| Exercise requirements |
Please copy exactly the line containing "Terreno para Venda em Santa Cruz" and every line after it, through the last line of the records below, leaving out all pictures.

───── Data records ─────

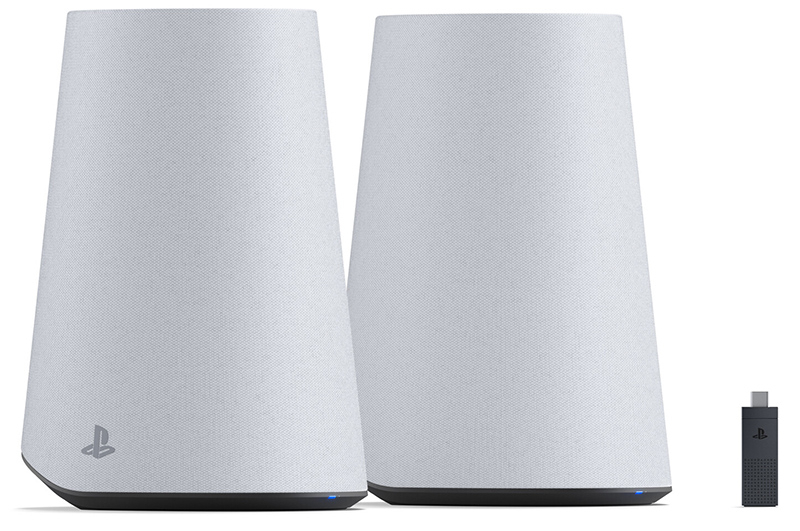 Sony оценила беспроводные колонки Pulse Elevate для PS5, Portal, ПК и Mac в 0 — они поступят в продажу 12 ноября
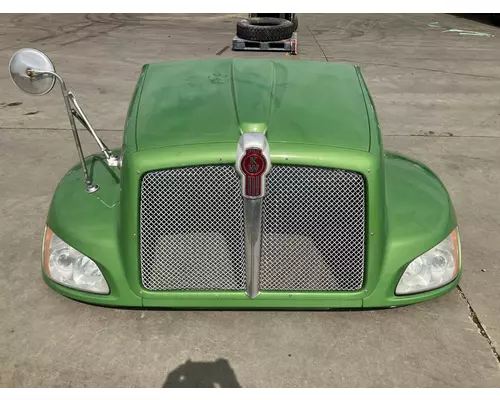 Kenworth T370 Hood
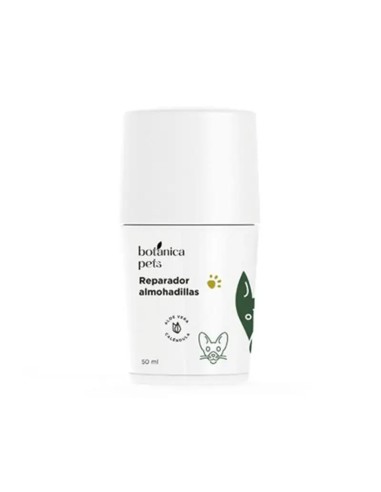 Botanicapets Reparador Almohadillas-Durezas 50Ml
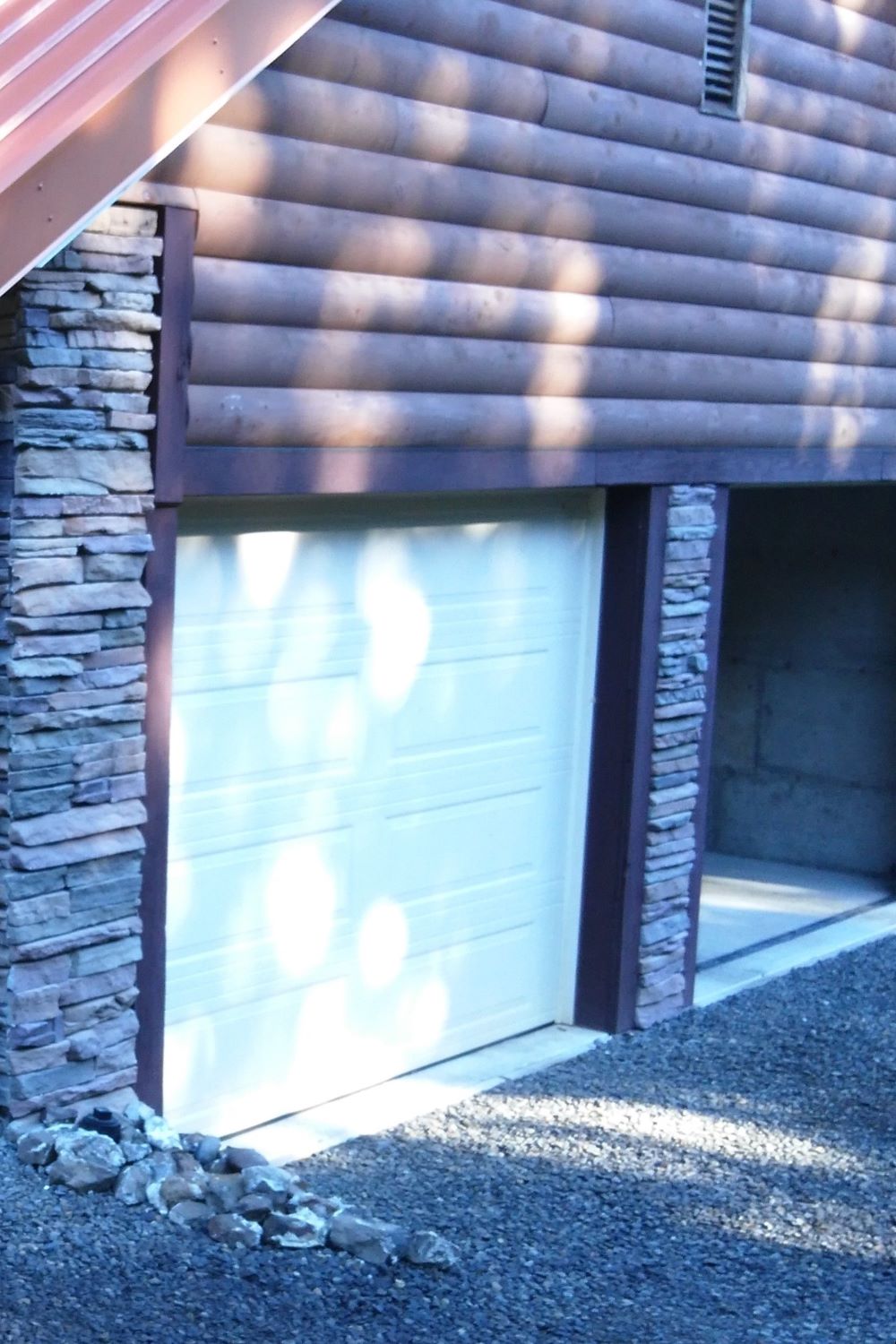 Black Bear Mountain Stone - Stone Veneer - Ledge Stone Sonoma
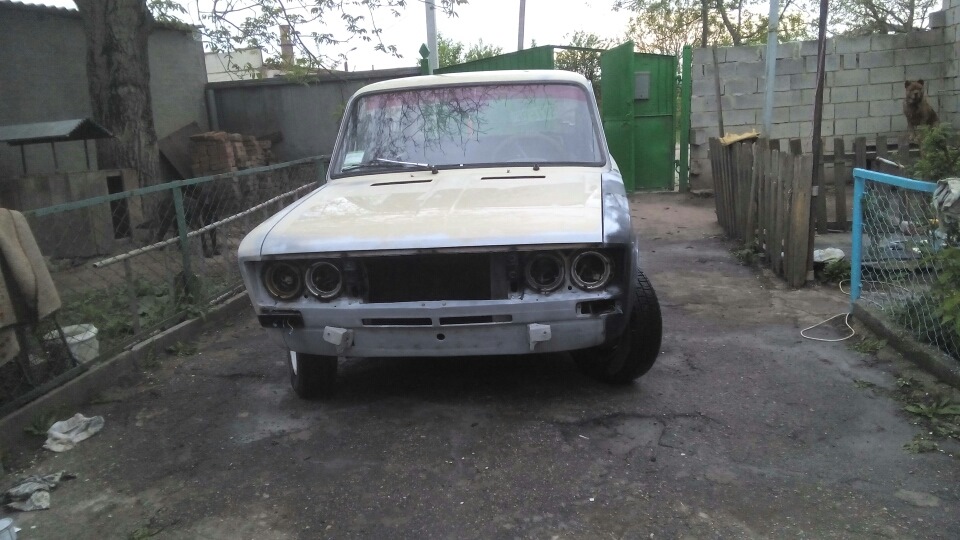 Зібрав 06 з фарбування 2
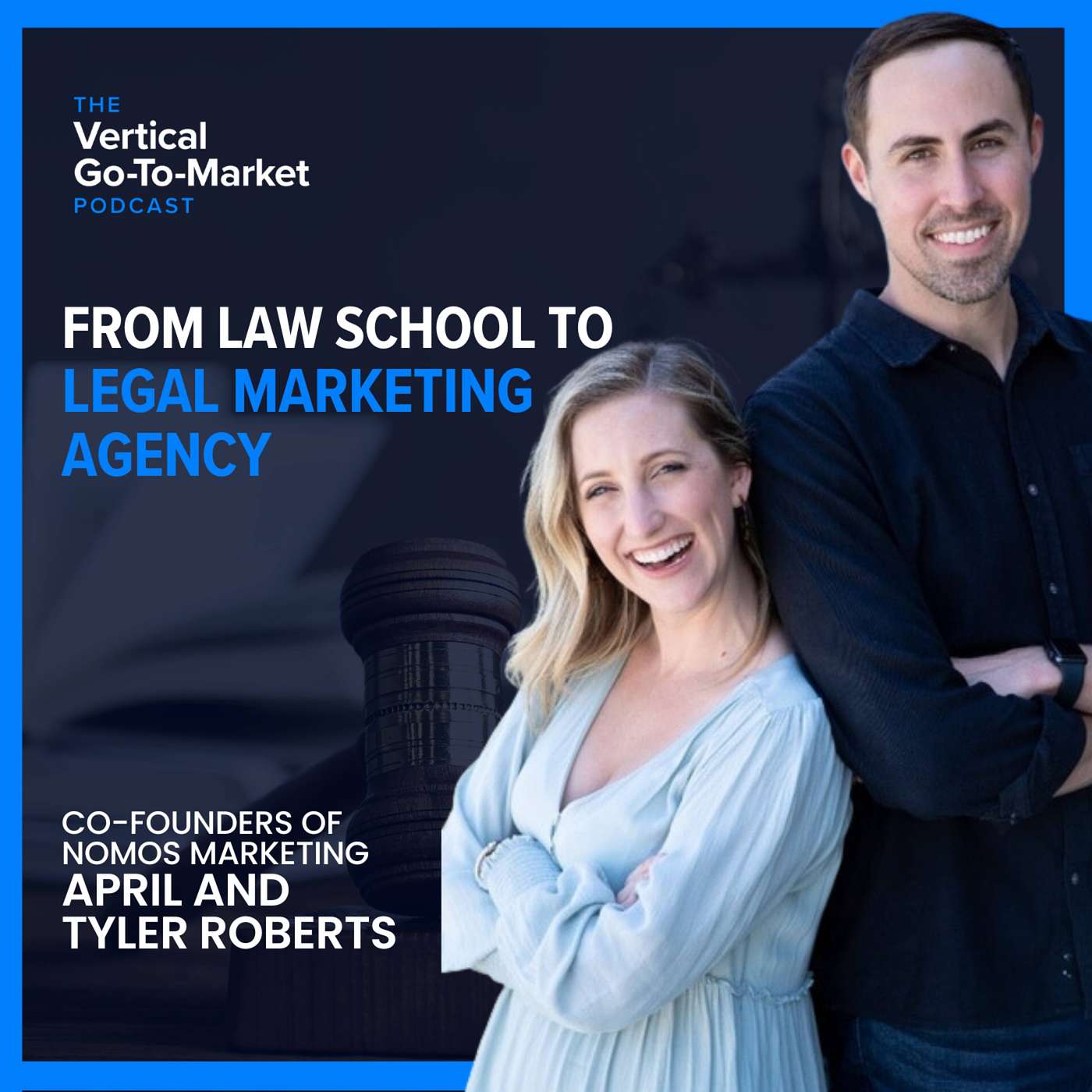 The Deep Specialization™ Podcast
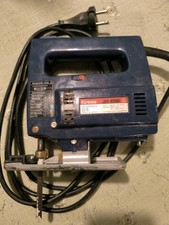 Kress 6200 ELD Serie, Kress Stichsäge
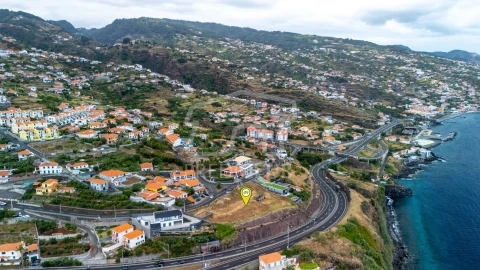 Terreno para Venda em Santa Cruz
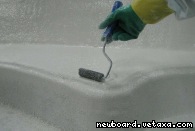 Изделия из стеклопластика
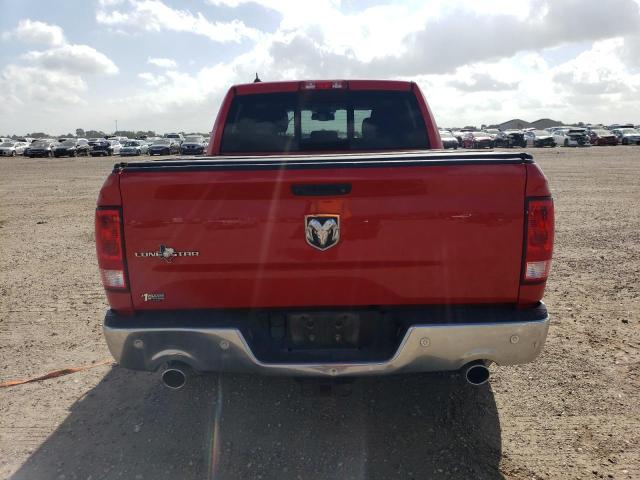 Photo 6 from auction – 2017 RAM 1500 SLT with VIN 1C6RR6LT4HS613672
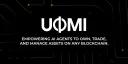 Uomi banner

─────

| Expected answer |
 Terreno para Venda em Santa Cruz
 Изделия из стеклопластика
 Photo 6 from auction – 2017 RAM 1500 SLT with VIN 1C6RR6LT4HS613672
 Uomi banner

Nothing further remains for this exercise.